The following data needs to be repeated exactly, with all images excluded.

[Information provided]

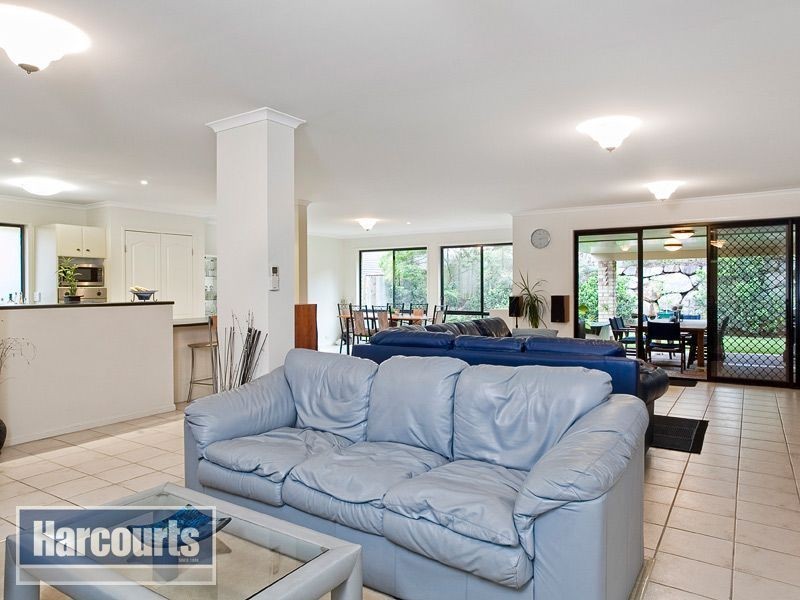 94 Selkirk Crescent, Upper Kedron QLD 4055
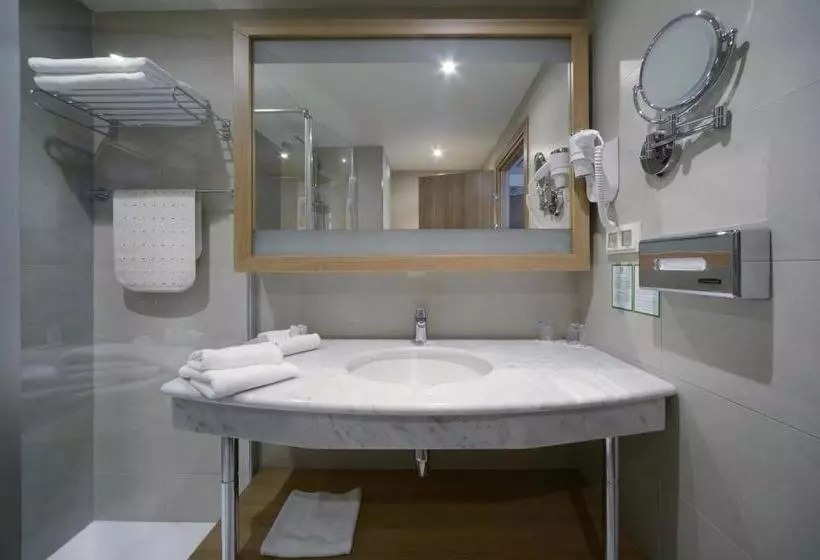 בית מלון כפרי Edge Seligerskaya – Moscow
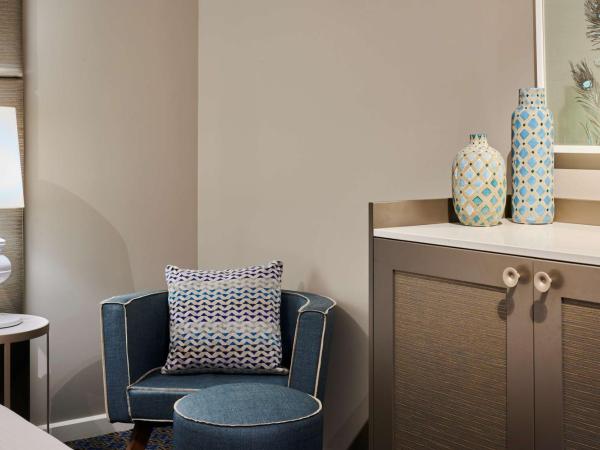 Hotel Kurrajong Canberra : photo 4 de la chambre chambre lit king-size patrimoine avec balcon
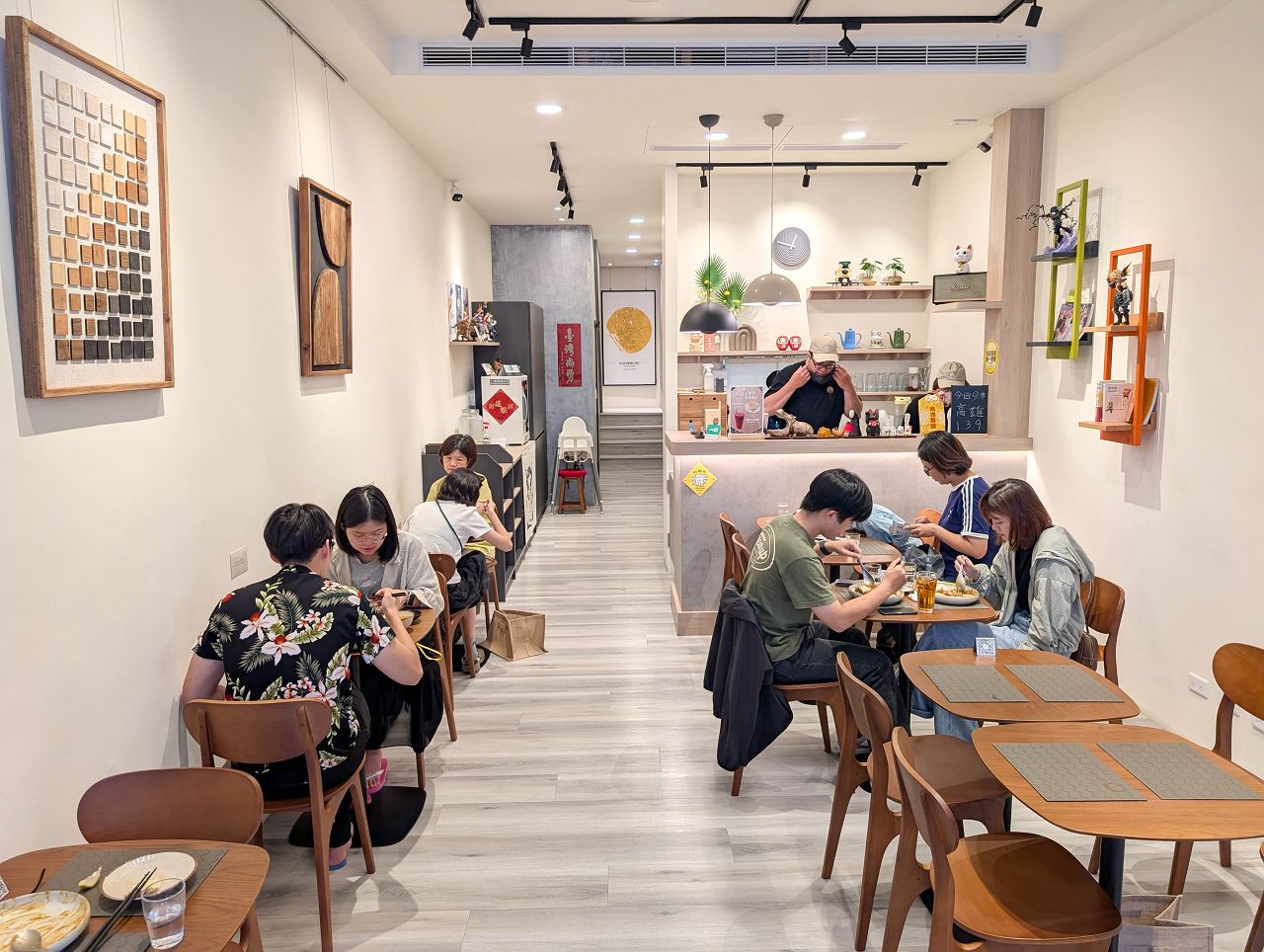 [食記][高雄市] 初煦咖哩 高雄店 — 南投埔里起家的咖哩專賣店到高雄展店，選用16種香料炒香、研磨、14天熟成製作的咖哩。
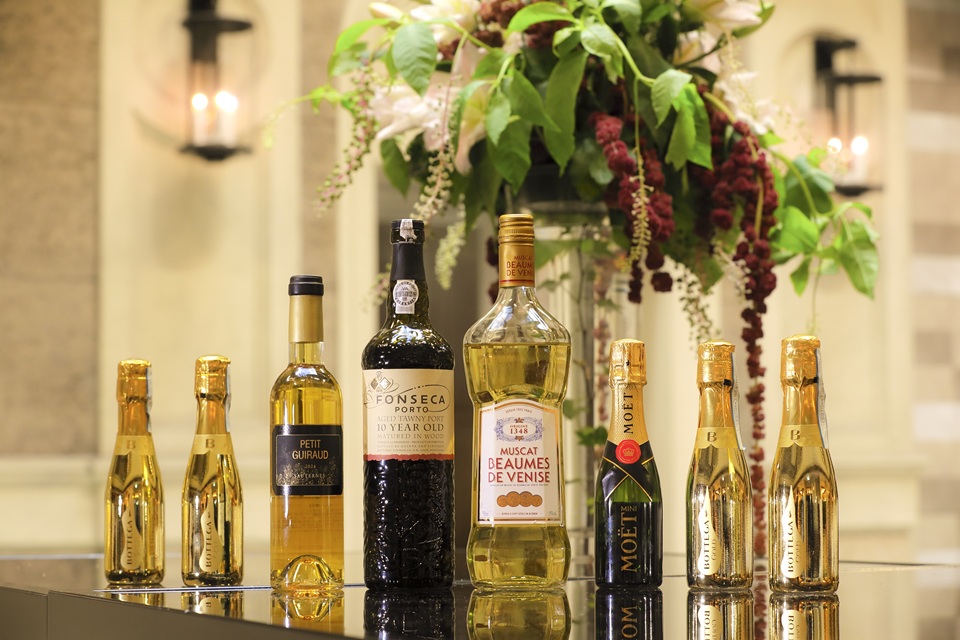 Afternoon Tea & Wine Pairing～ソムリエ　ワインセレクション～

[/Information provided]

Result of the task —
 94 Selkirk Crescent, Upper Kedron QLD 4055
 בית מלון כפרי Edge Seligerskaya – Moscow
 Hotel Kurrajong Canberra : photo 4 de la chambre chambre lit king-size patrimoine avec balcon
 [食記][高雄市] 初煦咖哩 高雄店 — 南投埔里起家的咖哩專賣店到高雄展店，選用16種香料炒香、研磨、14天熟成製作的咖哩。
 Afternoon Tea & Wine Pairing～ソムリエ　ワインセレクション～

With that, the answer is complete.